Les mentalités ont beaucoup évolué depuis nos débuts. Les entreprises et les jeunes sont de plus en plus sensibles à la préservation de l’environnement. L’utilisation d’emballages biodégradables étant devenus obligatoires au Bénin, les consommateurs se sont naturellement tournés vers nos produits. À un moment donné, nous ne pouvions plus satisfaire la demande car notre organisation artisanale ne nous permettait pas de répondre aux besoins du marché. Ajouté à cela, nous avons commencé à avoir des concurrents.
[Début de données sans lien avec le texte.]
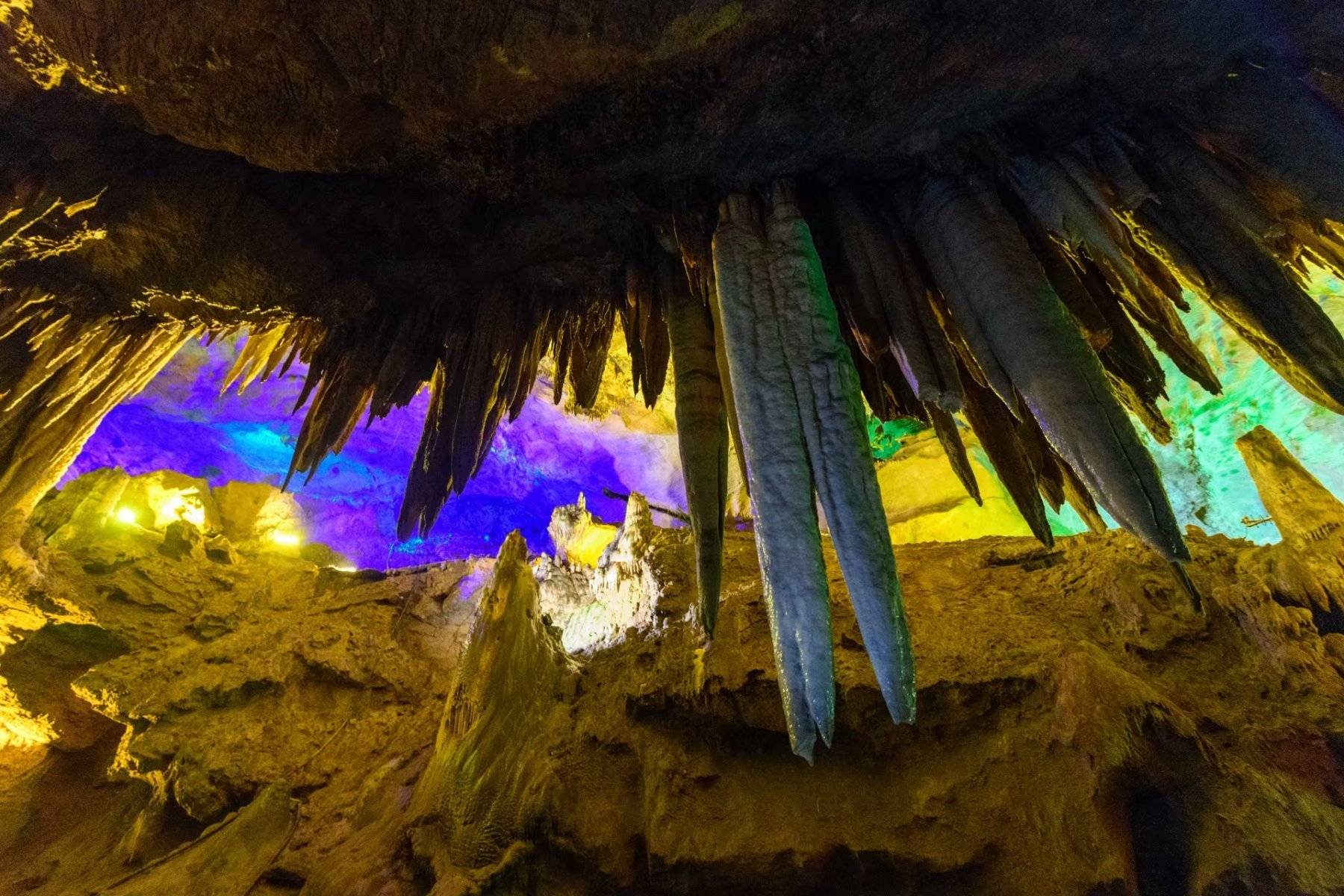 辽宁融山,水,洞,泉,湖和古人类文化遗址于一体的景点_溶洞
Heureusement qu’ils ne sont pas dans la même dynamique de création de chaînes de valeurs que nous. La plupart d’entre eux, ont opté pour l’importation d’emballages venus des pays industrialisés pour les revendre sur place. Malgré la concurrence, la demande n’est toujours pas absorbée. C’est là que nous avons compris qu’il était temps de grandir et de passer à l’étape d’industrialisation de notre entreprise. Nous avons commencé à chercher des partenaires. Actuellement, nous sommes en train de lever des fonds. Notre entreprise est en pleine phase d’expansion …

Quels conseils donneriez-vous aux femmes entrepreneures ? 

Entreprendre n’est pas une mince affaire. Il faut savoir trouver l’équilibre entre obligations familiales et entrepreneuriales. Le contexte social dans lequel nous nous trouvons dans certains pays ne nous facilite pas toujours la vie. Il faut donc s’imposer par le travail, s’armer de courage, apprendre et se cultiver continuellement. Il faut aussi avoir des modèles, des mentors qui inspirent et accompagnent… Savoir bien s’entourer parce qu’on n’y arrive pas tout seul.